### [Work to complete]
The records appear below. Repeat them exactly.
[Material for this exercise — start]
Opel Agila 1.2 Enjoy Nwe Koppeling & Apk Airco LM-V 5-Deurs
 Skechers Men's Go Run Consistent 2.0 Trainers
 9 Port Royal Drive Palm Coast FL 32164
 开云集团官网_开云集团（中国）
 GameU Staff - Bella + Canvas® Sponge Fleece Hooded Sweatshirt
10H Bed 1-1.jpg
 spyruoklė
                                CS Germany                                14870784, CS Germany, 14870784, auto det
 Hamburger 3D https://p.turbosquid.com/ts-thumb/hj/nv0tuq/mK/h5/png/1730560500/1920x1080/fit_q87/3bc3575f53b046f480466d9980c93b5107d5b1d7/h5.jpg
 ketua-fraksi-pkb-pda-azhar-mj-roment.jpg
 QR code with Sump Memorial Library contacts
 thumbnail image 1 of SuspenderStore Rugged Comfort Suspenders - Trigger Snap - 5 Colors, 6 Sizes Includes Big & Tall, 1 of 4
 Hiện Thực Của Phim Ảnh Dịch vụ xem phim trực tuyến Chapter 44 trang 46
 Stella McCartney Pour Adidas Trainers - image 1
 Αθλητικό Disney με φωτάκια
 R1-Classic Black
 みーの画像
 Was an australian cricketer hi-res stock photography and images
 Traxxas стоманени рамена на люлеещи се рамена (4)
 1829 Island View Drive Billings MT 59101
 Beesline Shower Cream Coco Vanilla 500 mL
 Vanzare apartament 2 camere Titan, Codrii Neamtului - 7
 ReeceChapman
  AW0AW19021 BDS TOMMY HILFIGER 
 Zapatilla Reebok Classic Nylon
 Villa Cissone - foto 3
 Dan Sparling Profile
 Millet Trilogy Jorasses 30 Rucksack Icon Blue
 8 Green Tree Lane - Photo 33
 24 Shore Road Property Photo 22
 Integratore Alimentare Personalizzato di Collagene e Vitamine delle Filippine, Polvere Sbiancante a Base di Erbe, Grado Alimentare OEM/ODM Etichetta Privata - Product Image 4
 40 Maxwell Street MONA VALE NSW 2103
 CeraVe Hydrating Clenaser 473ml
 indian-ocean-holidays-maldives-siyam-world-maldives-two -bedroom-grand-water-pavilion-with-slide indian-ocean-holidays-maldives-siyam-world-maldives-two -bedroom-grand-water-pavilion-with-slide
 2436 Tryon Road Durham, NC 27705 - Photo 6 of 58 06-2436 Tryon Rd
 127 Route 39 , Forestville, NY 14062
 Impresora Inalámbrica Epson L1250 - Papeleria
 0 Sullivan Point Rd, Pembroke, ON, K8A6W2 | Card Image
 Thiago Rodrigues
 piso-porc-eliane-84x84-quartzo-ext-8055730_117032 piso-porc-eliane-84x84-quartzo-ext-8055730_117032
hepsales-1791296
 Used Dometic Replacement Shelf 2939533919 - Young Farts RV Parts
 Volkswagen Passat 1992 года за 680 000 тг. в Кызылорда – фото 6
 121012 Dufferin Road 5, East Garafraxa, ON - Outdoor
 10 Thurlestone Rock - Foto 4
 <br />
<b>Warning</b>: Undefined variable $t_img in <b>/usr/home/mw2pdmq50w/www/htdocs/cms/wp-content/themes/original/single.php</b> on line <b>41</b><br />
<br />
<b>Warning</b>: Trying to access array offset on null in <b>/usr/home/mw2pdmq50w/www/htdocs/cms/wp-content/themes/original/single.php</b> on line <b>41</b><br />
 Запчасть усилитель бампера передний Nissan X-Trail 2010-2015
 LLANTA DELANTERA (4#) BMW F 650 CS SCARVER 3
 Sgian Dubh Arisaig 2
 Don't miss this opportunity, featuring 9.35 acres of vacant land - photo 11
[Material for this exercise — finish]
### [Written reply]
Opel Agila 1.2 Enjoy Nwe Koppeling & Apk Airco LM-V 5-Deurs
 Skechers Men's Go Run Consistent 2.0 Trainers
 9 Port Royal Drive Palm Coast FL 32164
 开云集团官网_开云集团（中国）
 GameU Staff - Bella + Canvas® Sponge Fleece Hooded Sweatshirt
10H Bed 1-1.jpg
 spyruoklė
                                CS Germany                                14870784, CS Germany, 14870784, auto det
 Hamburger 3D https://p.turbosquid.com/ts-thumb/hj/nv0tuq/mK/h5/png/1730560500/1920x1080/fit_q87/3bc3575f53b046f480466d9980c93b5107d5b1d7/h5.jpg
 ketua-fraksi-pkb-pda-azhar-mj-roment.jpg
 QR code with Sump Memorial Library contacts
 thumbnail image 1 of SuspenderStore Rugged Comfort Suspenders - Trigger Snap - 5 Colors, 6 Sizes Includes Big & Tall, 1 of 4
 Hiện Thực Của Phim Ảnh Dịch vụ xem phim trực tuyến Chapter 44 trang 46
 Stella McCartney Pour Adidas Trainers - image 1
 Αθλητικό Disney με φωτάκια
 R1-Classic Black
 みーの画像
 Was an australian cricketer hi-res stock photography and images
 Traxxas стоманени рамена на люлеещи се рамена (4)
 1829 Island View Drive Billings MT 59101
 Beesline Shower Cream Coco Vanilla 500 mL
 Vanzare apartament 2 camere Titan, Codrii Neamtului - 7
 ReeceChapman
  AW0AW19021 BDS TOMMY HILFIGER 
 Zapatilla Reebok Classic Nylon
 Villa Cissone - foto 3
 Dan Sparling Profile
 Millet Trilogy Jorasses 30 Rucksack Icon Blue
 8 Green Tree Lane - Photo 33
 24 Shore Road Property Photo 22
 Integratore Alimentare Personalizzato di Collagene e Vitamine delle Filippine, Polvere Sbiancante a Base di Erbe, Grado Alimentare OEM/ODM Etichetta Privata - Product Image 4
 40 Maxwell Street MONA VALE NSW 2103
 CeraVe Hydrating Clenaser 473ml
 indian-ocean-holidays-maldives-siyam-world-maldives-two -bedroom-grand-water-pavilion-with-slide indian-ocean-holidays-maldives-siyam-world-maldives-two -bedroom-grand-water-pavilion-with-slide
 2436 Tryon Road Durham, NC 27705 - Photo 6 of 58 06-2436 Tryon Rd
 127 Route 39 , Forestville, NY 14062
 Impresora Inalámbrica Epson L1250 - Papeleria
 0 Sullivan Point Rd, Pembroke, ON, K8A6W2 | Card Image
 Thiago Rodrigues
 piso-porc-eliane-84x84-quartzo-ext-8055730_117032 piso-porc-eliane-84x84-quartzo-ext-8055730_117032
hepsales-1791296
 Used Dometic Replacement Shelf 2939533919 - Young Farts RV Parts
 Volkswagen Passat 1992 года за 680 000 тг. в Кызылорда – фото 6
 121012 Dufferin Road 5, East Garafraxa, ON - Outdoor
 10 Thurlestone Rock - Foto 4
 <br />
<b>Warning</b>: Undefined variable $t_img in <b>/usr/home/mw2pdmq50w/www/htdocs/cms/wp-content/themes/original/single.php</b> on line <b>41</b><br />
<br />
<b>Warning</b>: Trying to access array offset on null in <b>/usr/home/mw2pdmq50w/www/htdocs/cms/wp-content/themes/original/single.php</b> on line <b>41</b><br />
 Запчасть усилитель бампера передний Nissan X-Trail 2010-2015
 LLANTA DELANTERA (4#) BMW F 650 CS SCARVER 3
 Sgian Dubh Arisaig 2
 Don't miss this opportunity, featuring 9.35 acres of vacant land - photo 11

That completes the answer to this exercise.